Task input:
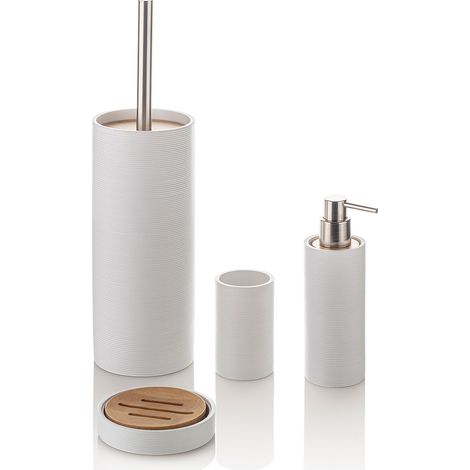 Set de 4 pièces GAETA blanc (1/5)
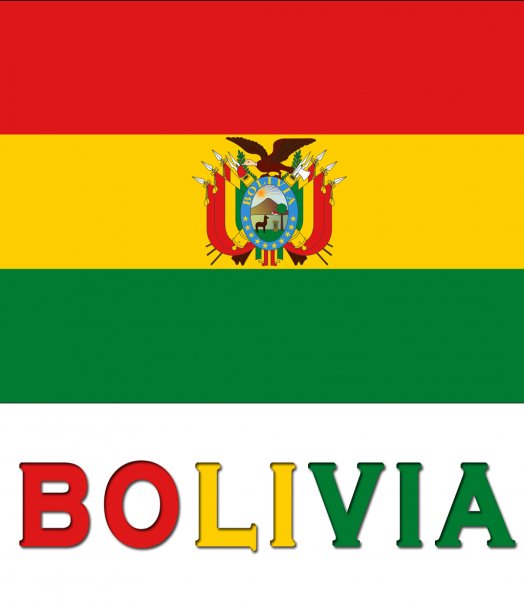 Bolivijos vėliava panaši į Lietuvos vėliavą
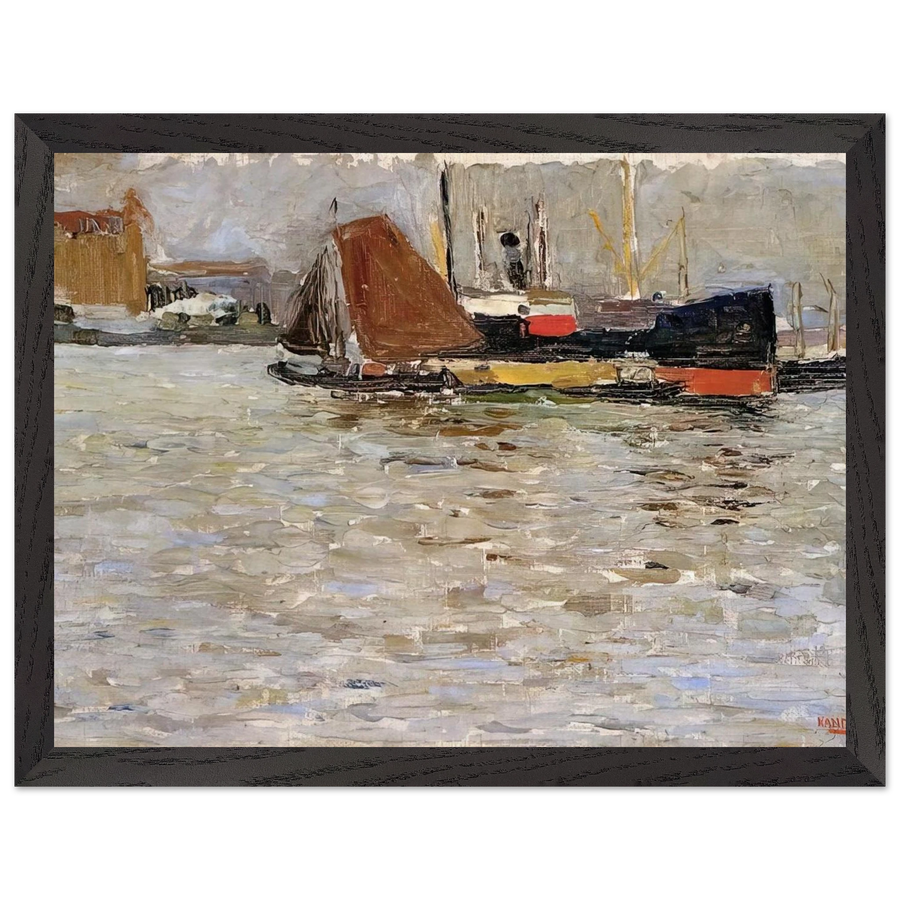 ROTTERDAM SUN 1906 by Wassily Kandinsky — Framed art print at Zephyeer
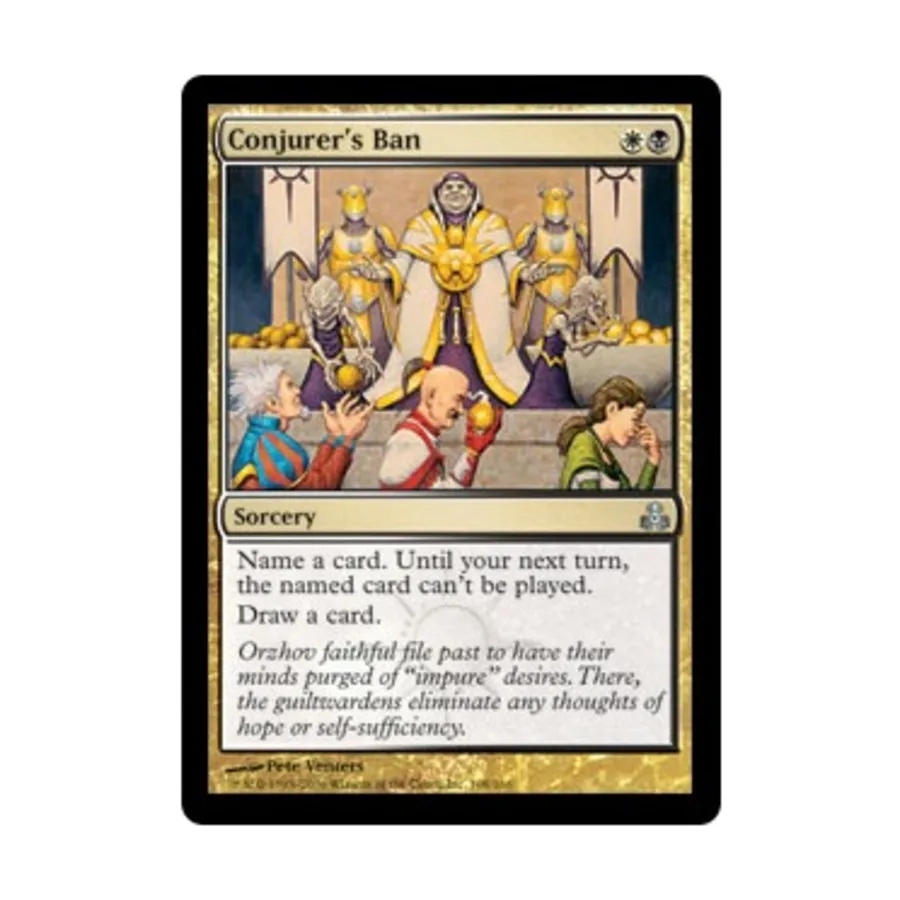 CCG Запрет фокусника (U), MTG - Guildpact
CCG Запрет фокусника (U), MTG - Guildpact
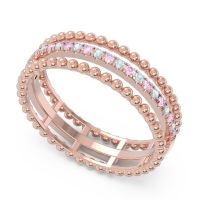 Half Eternity Triple Line Pave Zambari Band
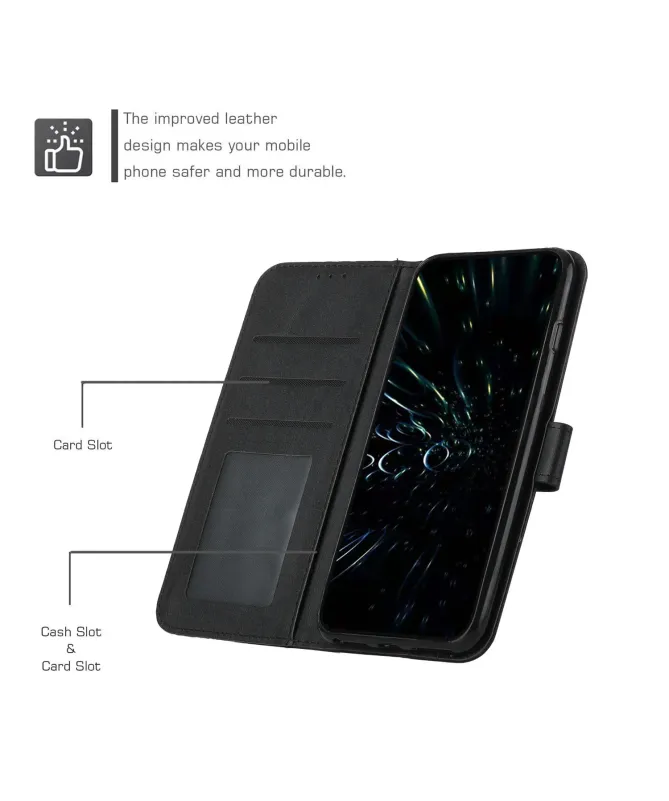 Housse Realme 14 5G / 14T 5G Lines Effet Cuir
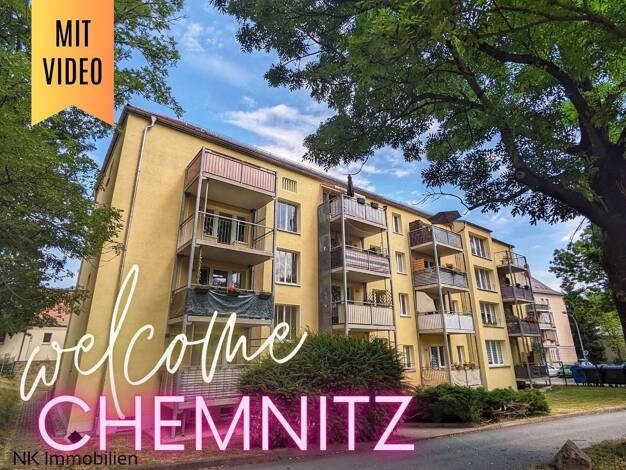 Wohnung zur Miete 380 € 3 Zimmer 61,9 m² 1. Geschoss Hans-Sachs-Straße 48 Lutherviertel Lutherviertel 09126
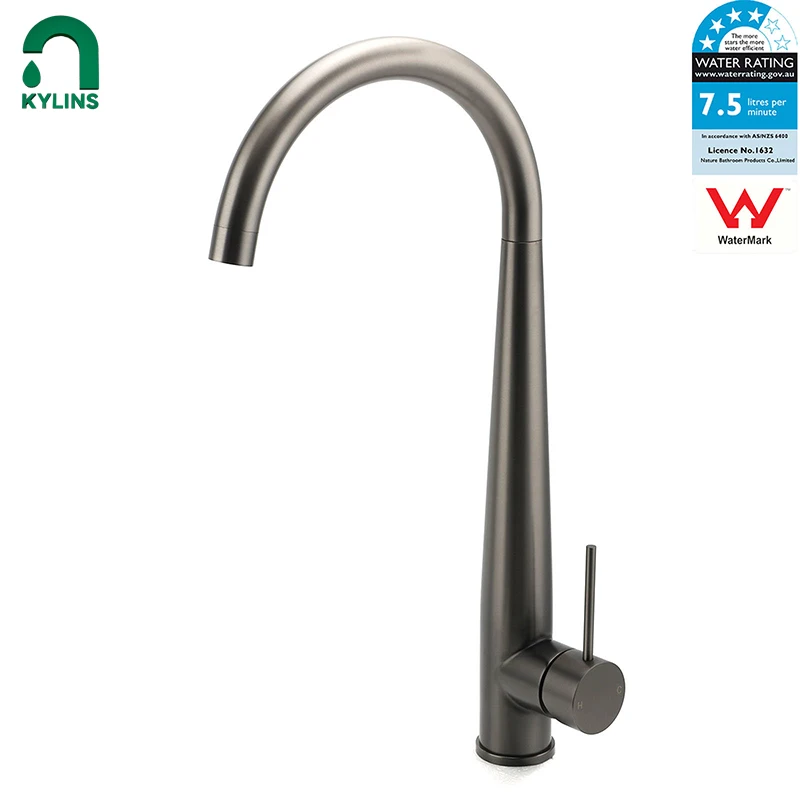 KYLINS WELS Flexible Kitchen Faucet for Sink Gun Metal Grey Washbasin Faucets Basin Kitchens Mixer Tap Tapware gun gray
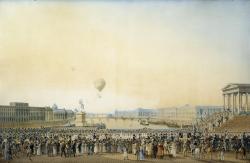 Entrée de Louis XVIII à Paris, au moment de son passage sur le Pont-Neuf, 3 mai 1814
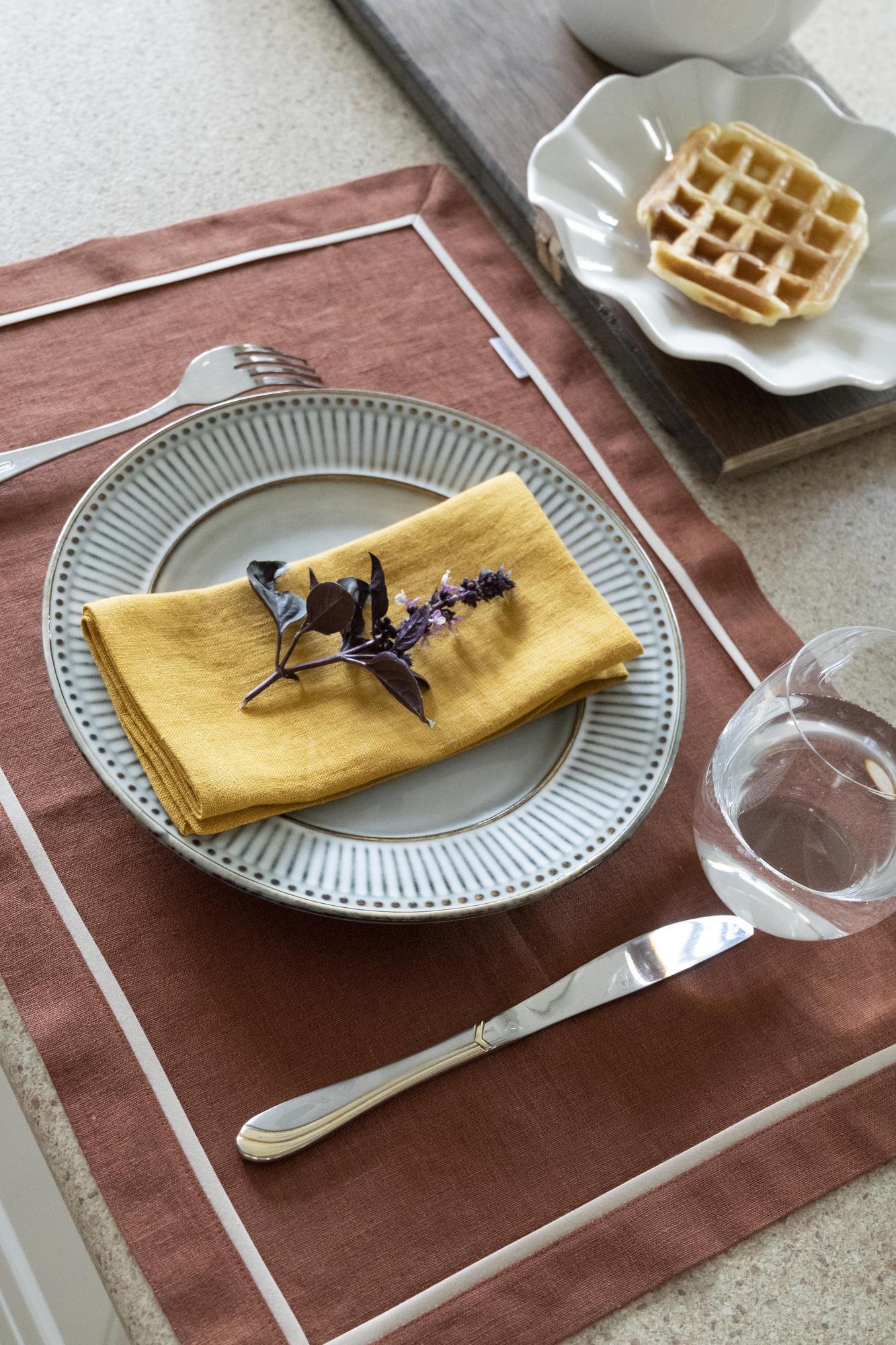 Комплект салфеток оттенок Горчица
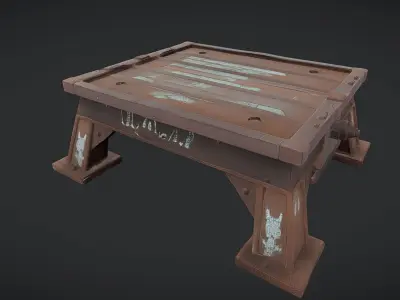 rusty industrial metal platform 3D model purchase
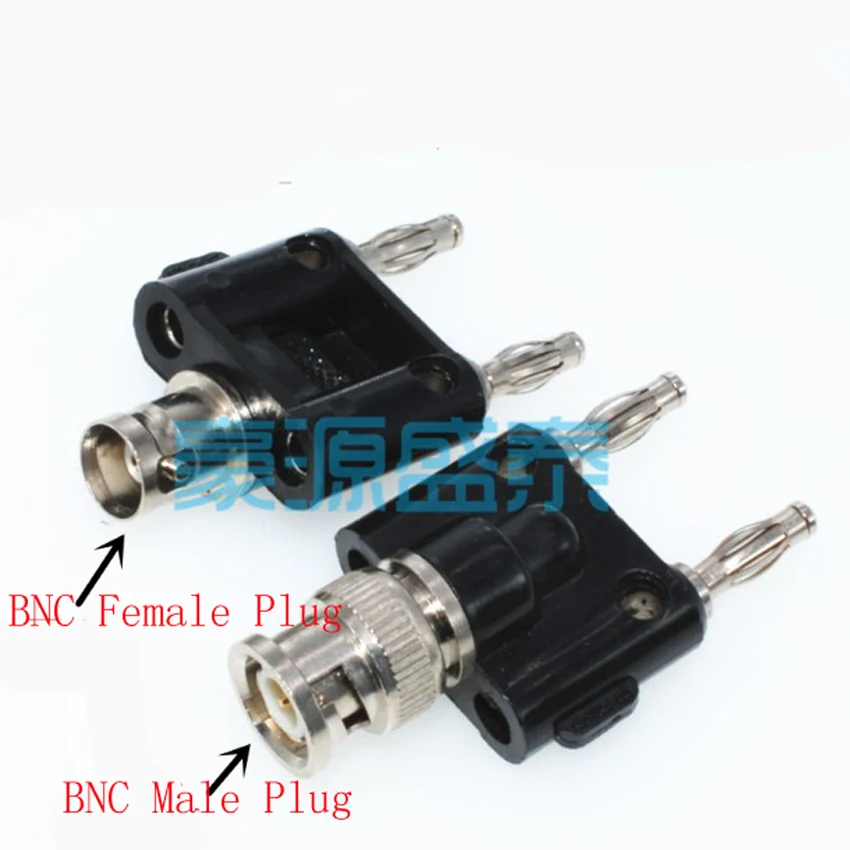 

BNC Male/Female To 4mm Dua Banana Male Plug Connector Coaxial Adapter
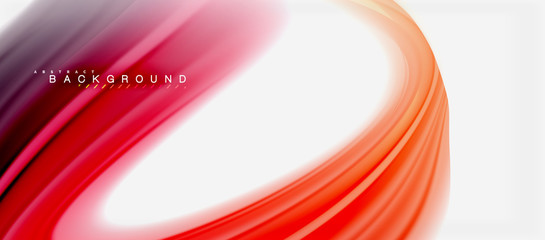 Rainbow fluid colors abstract background twisted liquid design, colorful marble or plastic wavy texture backdrop, multicolored template for business or technology presentation or web brochure cover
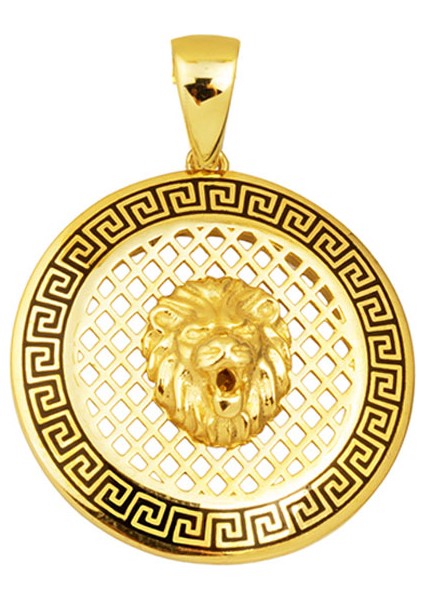 Aslanlı Tasarım 14 Ayar Altın Kolye Ucu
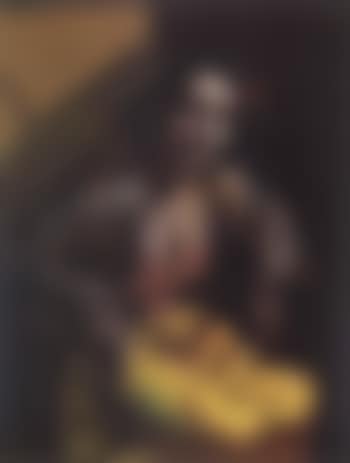 Portrait of dark-haired beauty (preview)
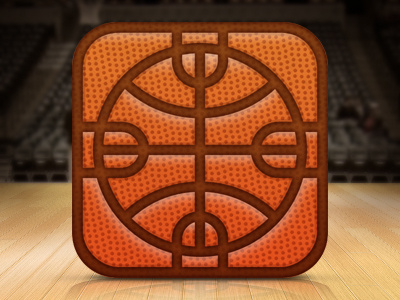 Basketball iOS Icon app basketball icon icon design ios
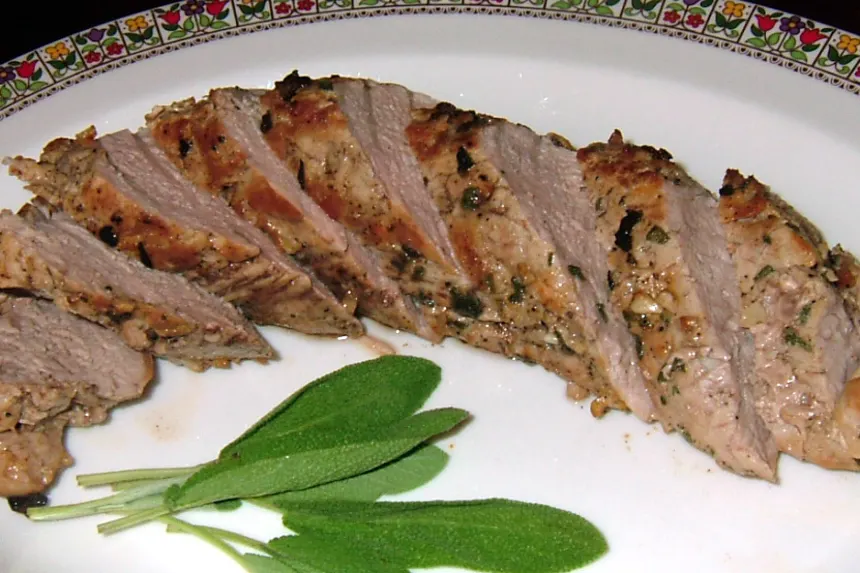 Huckleberry and Sage Pork Tenderloin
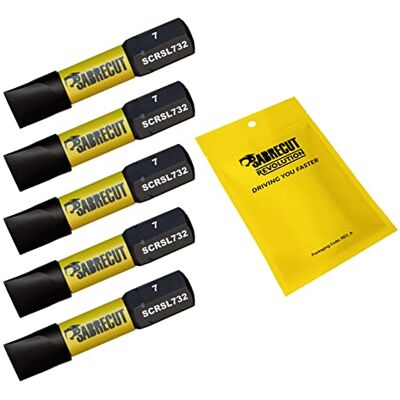 SabreCut 5 x Conjunto de pontas de chave de fenda de impacto magnético com ranhuras SL7 de 32 mm SL7 de uma só extremidade para trabalho pesado compatível com Dewalt Milwaukee Bosch Makita SabreCut 5 x Conjunto de pontas de chave de fenda de impacto magnético com ranhuras SL7 de 32 mm SL7 de uma só extremidade para trabalho pesado compatível com Dewalt Milwaukee Bosch Makita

What is needed:
Repeat exactly the lines from the one containing "Rainbow fluid colors" to the last line of the records above, including both, and leave out any pictures.

Output for this task:
 Rainbow fluid colors abstract background twisted liquid design, colorful marble or plastic wavy texture backdrop, multicolored template for business or technology presentation or web brochure cover
 Aslanlı Tasarım 14 Ayar Altın Kolye Ucu
 Portrait of dark-haired beauty (preview)
 Basketball iOS Icon app basketball icon icon design ios
 Huckleberry and Sage Pork Tenderloin
 SabreCut 5 x Conjunto de pontas de chave de fenda de impacto magnético com ranhuras SL7 de 32 mm SL7 de uma só extremidade para trabalho pesado compatível com Dewalt Milwaukee Bosch Makita SabreCut 5 x Conjunto de pontas de chave de fenda de impacto magnético com ranhuras SL7 de 32 mm SL7 de uma só extremidade para trabalho pesado compatível com Dewalt Milwaukee Bosch Makita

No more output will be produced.